Task prompt – Among the entries below, take the line with "NEW TRENDY GOLD" and the line with "Used 2025 Volkswagen Atlas SE image 34", and output them and every line between them exactly, with nothing else.

Study material –
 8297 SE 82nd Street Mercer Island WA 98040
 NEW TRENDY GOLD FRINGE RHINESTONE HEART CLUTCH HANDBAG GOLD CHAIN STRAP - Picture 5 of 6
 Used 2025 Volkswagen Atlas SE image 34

* * *

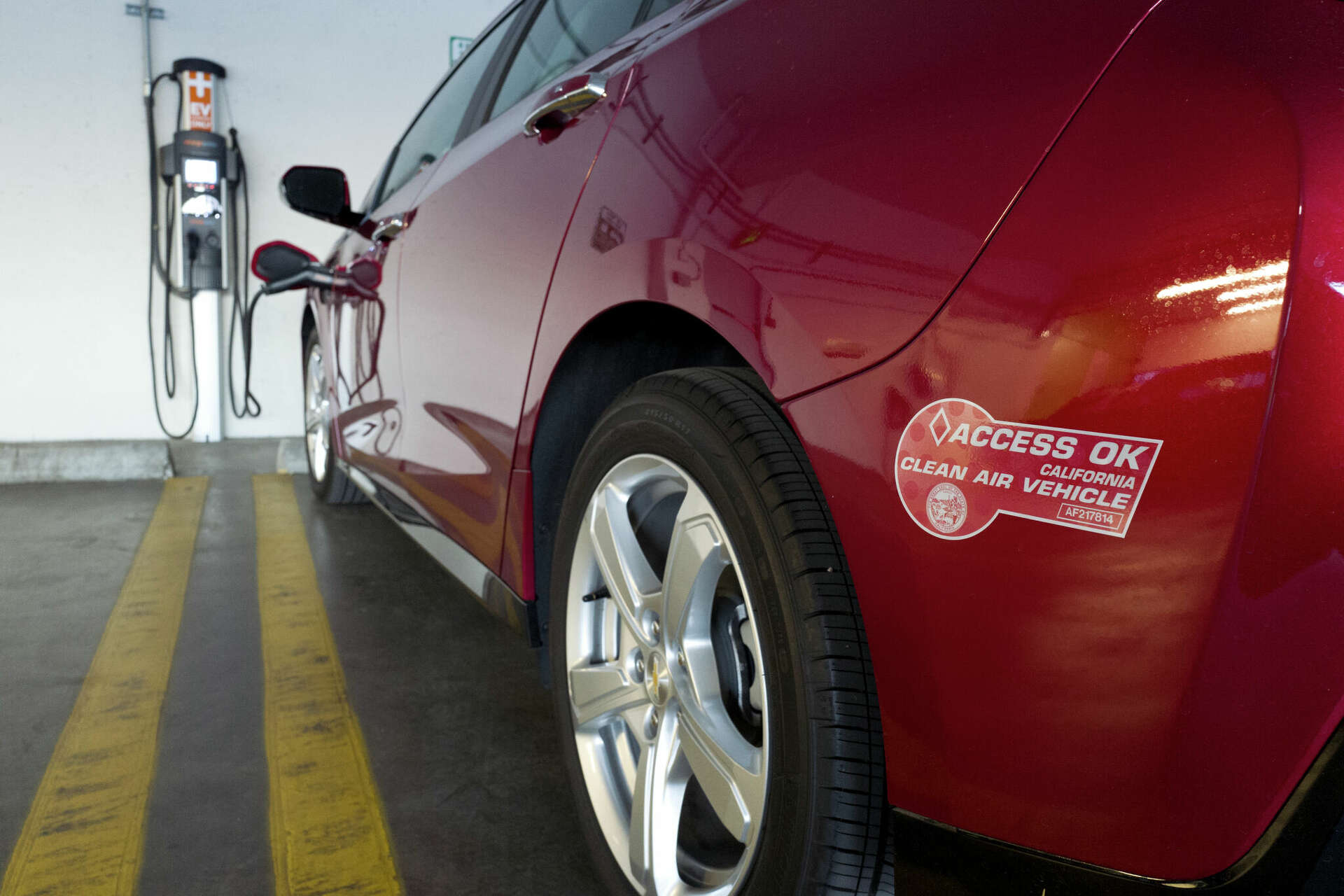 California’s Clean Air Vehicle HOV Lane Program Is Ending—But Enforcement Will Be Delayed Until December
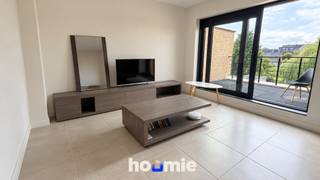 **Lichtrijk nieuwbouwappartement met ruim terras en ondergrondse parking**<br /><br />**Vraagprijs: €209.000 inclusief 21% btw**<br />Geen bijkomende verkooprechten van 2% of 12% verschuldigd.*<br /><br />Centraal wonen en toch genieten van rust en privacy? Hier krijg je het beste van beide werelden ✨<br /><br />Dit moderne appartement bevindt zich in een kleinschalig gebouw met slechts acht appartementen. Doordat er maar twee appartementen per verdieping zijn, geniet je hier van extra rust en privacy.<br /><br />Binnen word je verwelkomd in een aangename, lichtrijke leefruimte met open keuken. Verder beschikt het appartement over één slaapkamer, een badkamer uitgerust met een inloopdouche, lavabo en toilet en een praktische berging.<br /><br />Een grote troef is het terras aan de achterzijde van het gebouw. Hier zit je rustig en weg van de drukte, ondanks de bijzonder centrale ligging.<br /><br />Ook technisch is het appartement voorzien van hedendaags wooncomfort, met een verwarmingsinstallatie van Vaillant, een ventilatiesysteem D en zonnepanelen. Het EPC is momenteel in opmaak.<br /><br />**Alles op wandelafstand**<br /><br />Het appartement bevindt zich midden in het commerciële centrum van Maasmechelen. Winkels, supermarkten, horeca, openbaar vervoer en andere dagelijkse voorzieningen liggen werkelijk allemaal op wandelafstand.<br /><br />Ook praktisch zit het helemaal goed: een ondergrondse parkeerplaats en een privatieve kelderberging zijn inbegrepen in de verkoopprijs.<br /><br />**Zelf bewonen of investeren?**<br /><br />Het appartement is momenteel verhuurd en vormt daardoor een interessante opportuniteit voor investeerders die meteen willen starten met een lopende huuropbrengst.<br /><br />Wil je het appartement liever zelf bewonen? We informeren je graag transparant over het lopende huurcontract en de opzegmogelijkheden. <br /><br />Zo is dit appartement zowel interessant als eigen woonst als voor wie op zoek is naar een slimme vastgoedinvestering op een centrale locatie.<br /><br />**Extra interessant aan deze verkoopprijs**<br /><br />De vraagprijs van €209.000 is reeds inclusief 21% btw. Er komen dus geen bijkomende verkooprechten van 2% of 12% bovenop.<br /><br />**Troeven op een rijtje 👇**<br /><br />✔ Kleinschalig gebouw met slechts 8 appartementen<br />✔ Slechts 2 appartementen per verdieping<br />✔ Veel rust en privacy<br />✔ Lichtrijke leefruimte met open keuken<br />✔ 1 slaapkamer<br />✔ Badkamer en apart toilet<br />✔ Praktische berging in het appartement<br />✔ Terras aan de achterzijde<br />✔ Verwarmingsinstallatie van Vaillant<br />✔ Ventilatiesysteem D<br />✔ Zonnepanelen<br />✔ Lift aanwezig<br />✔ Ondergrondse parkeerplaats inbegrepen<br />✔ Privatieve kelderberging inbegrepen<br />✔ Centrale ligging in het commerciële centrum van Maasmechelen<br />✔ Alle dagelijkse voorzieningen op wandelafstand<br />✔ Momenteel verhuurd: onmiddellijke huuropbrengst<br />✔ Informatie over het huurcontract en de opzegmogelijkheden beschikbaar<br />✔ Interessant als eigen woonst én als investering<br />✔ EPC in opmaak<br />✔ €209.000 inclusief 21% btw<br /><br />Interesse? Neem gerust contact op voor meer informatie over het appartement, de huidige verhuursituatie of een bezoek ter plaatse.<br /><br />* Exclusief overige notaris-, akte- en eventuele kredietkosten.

==

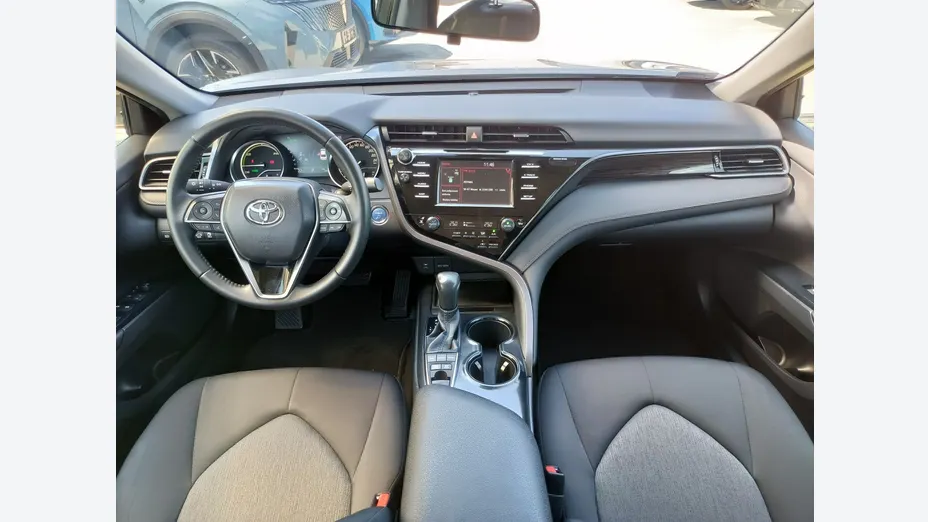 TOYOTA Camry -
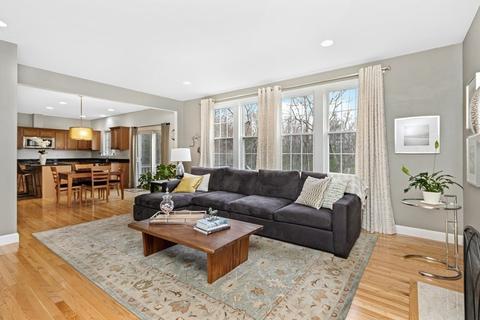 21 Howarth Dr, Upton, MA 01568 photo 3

Output below –
 NEW TRENDY GOLD FRINGE RHINESTONE HEART CLUTCH HANDBAG GOLD CHAIN STRAP - Picture 5 of 6
 Used 2025 Volkswagen Atlas SE image 34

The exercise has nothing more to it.